1. Recursive Runtime Strictness Control

  • Problem: The jspg project requires that certain schemas (specifically those for public puncs and global types) enforce a strict "no extra properties" policy. This strictness needs to be decided at runtime and must cascade through the entire validation hierarchy, including all nested objects and $ref chains. A compile-time flag was unsuitable because it would incorrectly apply strictness to shared, reusable schemas.

  • Solution: A runtime validation option was implemented to enforce strictness recursively. This required several coordinated changes to the boon validator.

Key Changes

  1. ValidationOptions Struct: A new ValidationOptions { be_strict: bool } struct was added to validator/src/lib.rs.

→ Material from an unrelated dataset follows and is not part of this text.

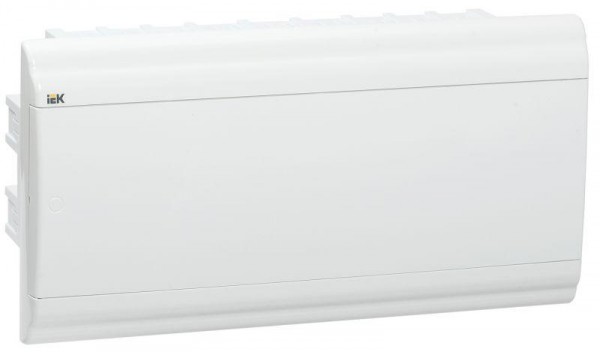  Бокс ЩРВ-П-18 мод. встраив. пластик IP41 PRIME бел. дверь IEK MKP82-V-18-WD-41-10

The jspg code in src/lib.rs determines if a validation run should be strict and passes this struct to the validator.

  2. Strictness Check in uneval_validate: The original boon only checked for unevaluated properties if the unevaluatedProperties keyword was present in the schema. We added an else if be_strict block to uneval_validate in validator/src/validator.rs. This block triggers a check for any leftover unevaluated properties at the end of a validation pass and reports them as errors, effectively enforcing our runtime strictness rule.

  3. Correct Context Propagation: The most complex part of the fix was ensuring the set of unevaluated properties was correctly maintained across different validation contexts (especially $ref and nested property validations). Three critical changes were made:

    • Inheriting Context in _validate_self: When validating keywords that apply to the same instance (like $ref or allOf), the sub-validator must know what properties the parent has already evaluated. We changed the creation of the Validator inside _validate_self to pass a clone of the parent's uneval state (uneval: self.uneval.clone()) instead of creating a new one from scratch. This allows the context to flow downwards.
    • Isolating Context in validate_val: Conversely, when validating a property's value, that value is a different part of the JSON instance. The sub-validation should not affect the parent's list of unevaluated properties. We fixed this by commenting out the self.uneval.merge(...) call in the validate_val function.
    • Simplifying Uneval::merge: The original logic for merging uneval state was different for $ref keywords. This was incorrect. We simplified the merge function to always perform an intersection (retain), which correctly combines the knowledge of evaluated properties from different schema parts that apply to the same instance.
  4. Removing Incompatible Assertions: The changes to context propagation broke several debug_assert! macros in the arr_validate function, which were part of boon's original design. Since our new validation flow is different but correct, these assertions were removed.